• WHAT IS EXPECTED:
Among the records that follow, set down only the lines from the one containing "Anthropologie Beth Bowley" to the one containing "Silver earring with", both included, exactly.

• SUPPLIED INFORMATION:
···
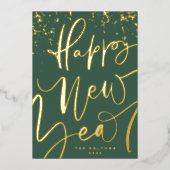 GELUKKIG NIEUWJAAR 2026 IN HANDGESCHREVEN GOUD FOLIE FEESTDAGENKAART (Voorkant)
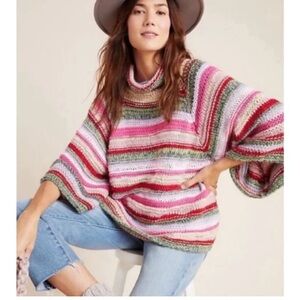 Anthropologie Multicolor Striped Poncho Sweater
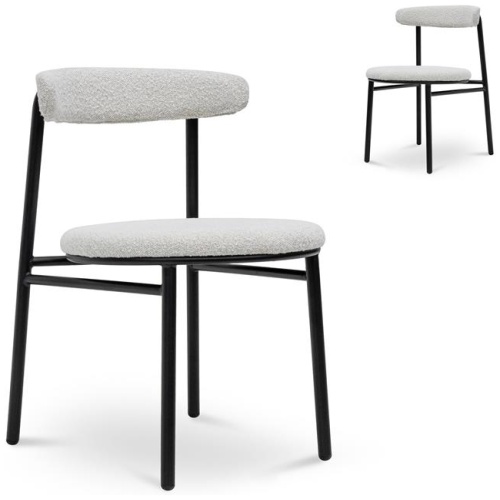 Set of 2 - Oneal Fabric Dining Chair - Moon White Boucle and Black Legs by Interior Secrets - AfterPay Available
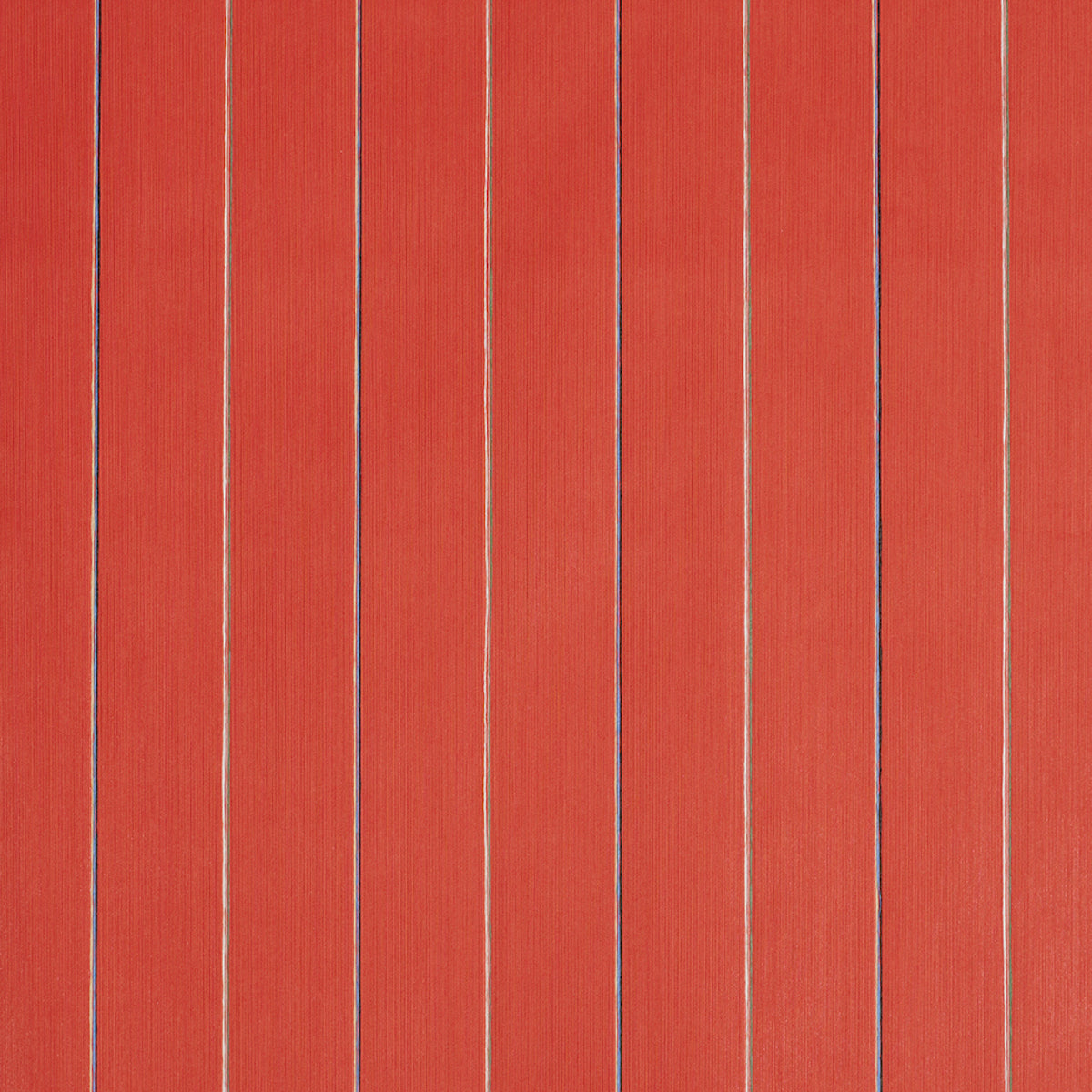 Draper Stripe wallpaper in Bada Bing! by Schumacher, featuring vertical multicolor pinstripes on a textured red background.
···
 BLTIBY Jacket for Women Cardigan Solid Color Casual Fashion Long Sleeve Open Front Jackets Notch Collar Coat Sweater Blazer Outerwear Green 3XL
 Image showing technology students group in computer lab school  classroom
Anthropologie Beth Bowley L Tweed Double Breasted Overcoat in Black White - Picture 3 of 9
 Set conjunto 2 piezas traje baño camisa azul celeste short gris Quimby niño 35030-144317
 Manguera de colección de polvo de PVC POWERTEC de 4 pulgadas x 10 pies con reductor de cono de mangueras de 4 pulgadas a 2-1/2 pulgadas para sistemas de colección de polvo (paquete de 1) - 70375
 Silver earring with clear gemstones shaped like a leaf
···
• ANSWER TO THE PROBLEM:
Anthropologie Beth Bowley L Tweed Double Breasted Overcoat in Black White - Picture 3 of 9
 Set conjunto 2 piezas traje baño camisa azul celeste short gris Quimby niño 35030-144317
 Manguera de colección de polvo de PVC POWERTEC de 4 pulgadas x 10 pies con reductor de cono de mangueras de 4 pulgadas a 2-1/2 pulgadas para sistemas de colección de polvo (paquete de 1) - 70375
 Silver earring with clear gemstones shaped like a leaf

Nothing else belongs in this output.